DATA TO USE →
Content starts
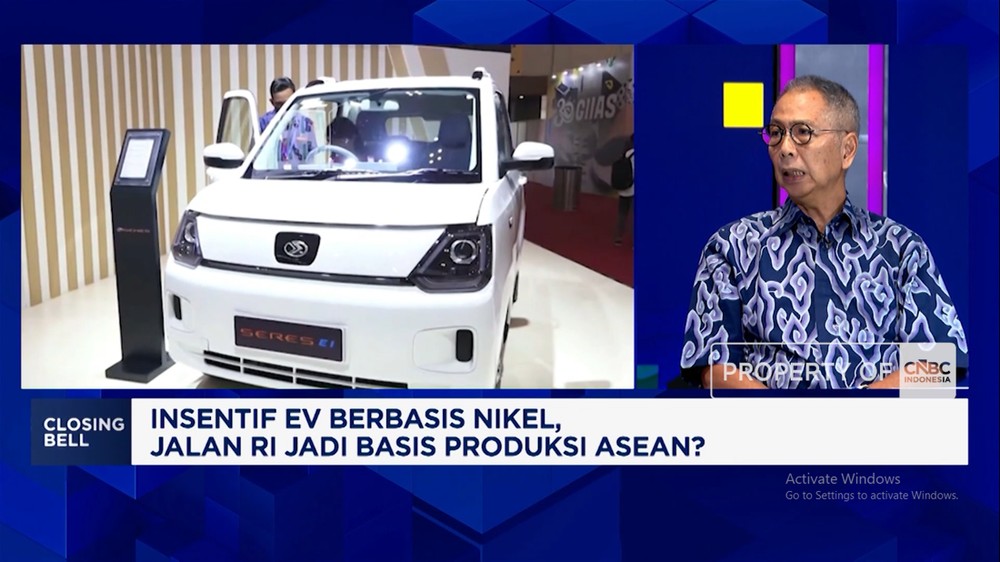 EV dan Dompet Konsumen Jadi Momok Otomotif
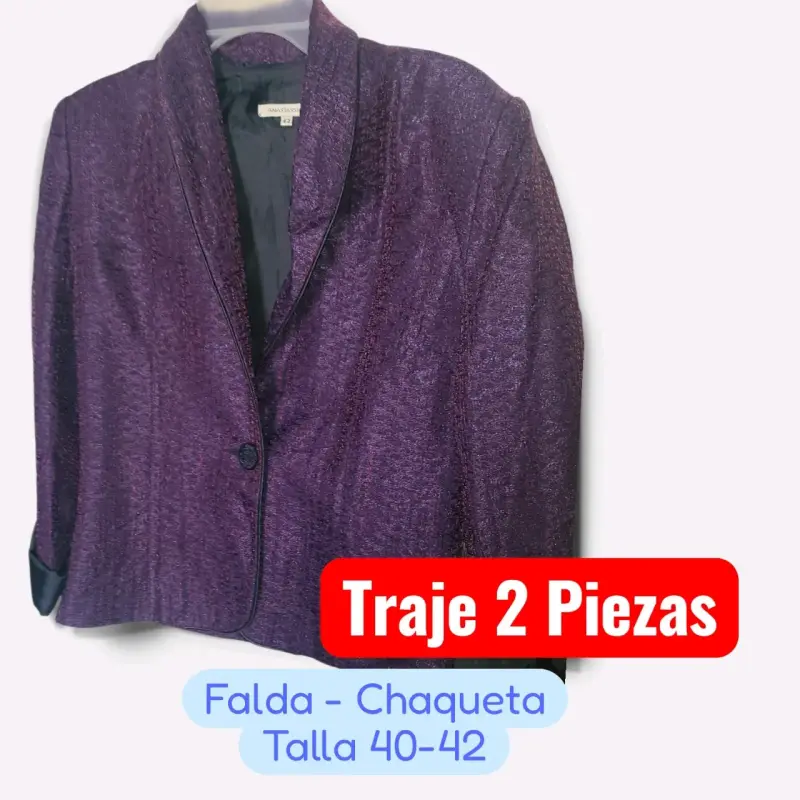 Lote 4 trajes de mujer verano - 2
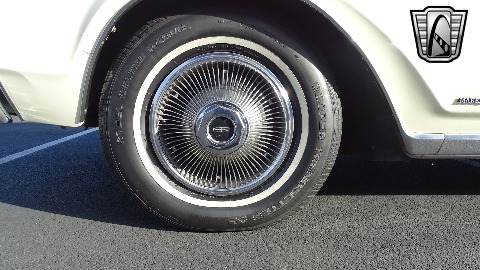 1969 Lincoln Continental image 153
Content ends
Content starts
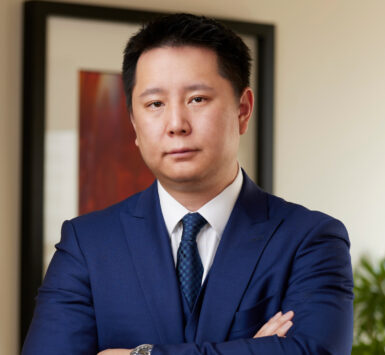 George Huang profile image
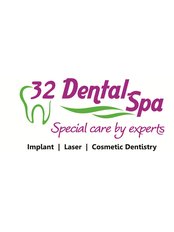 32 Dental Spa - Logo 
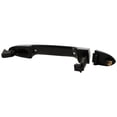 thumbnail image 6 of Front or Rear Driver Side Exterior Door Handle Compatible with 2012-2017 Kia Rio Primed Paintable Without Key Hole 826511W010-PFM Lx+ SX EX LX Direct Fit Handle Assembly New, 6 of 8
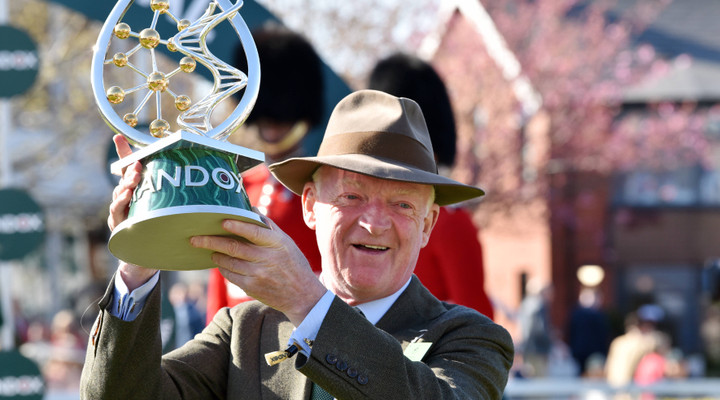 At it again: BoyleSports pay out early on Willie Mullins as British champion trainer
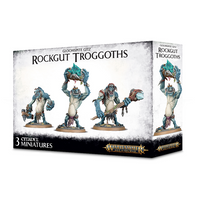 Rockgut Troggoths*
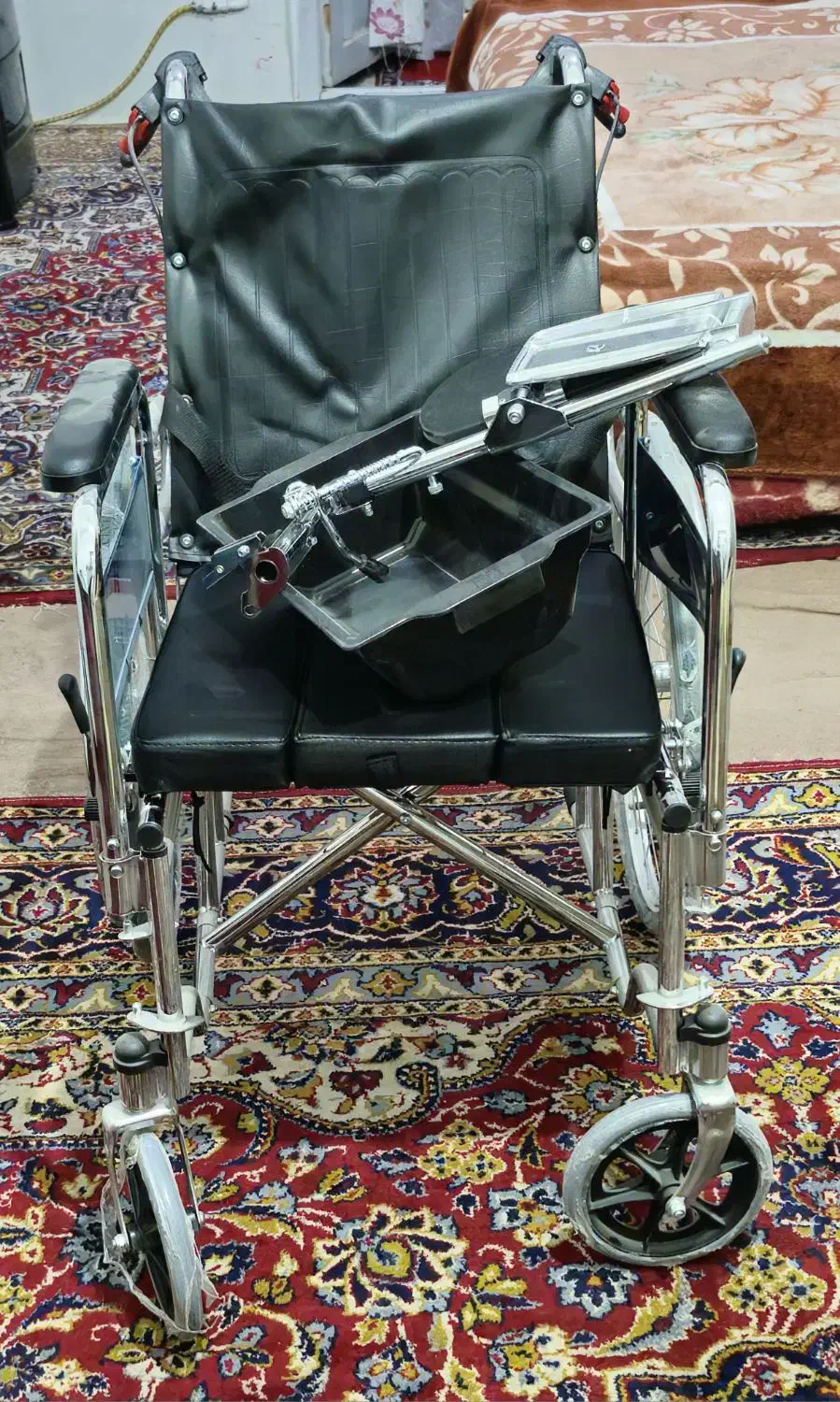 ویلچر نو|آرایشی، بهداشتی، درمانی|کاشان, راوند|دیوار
Content ends
WHAT YOU ARE ASKED TO DO →
Text only, no pictures: please print exactly the lines above from the line with "EV dan Dompet Konsumen Jadi Momok Otomotif" up to and including the line with "1969 Lincoln Continental image 153", and nothing else.

EXERCISE OUTPUT →
 EV dan Dompet Konsumen Jadi Momok Otomotif
 Lote 4 trajes de mujer verano - 2
 1969 Lincoln Continental image 153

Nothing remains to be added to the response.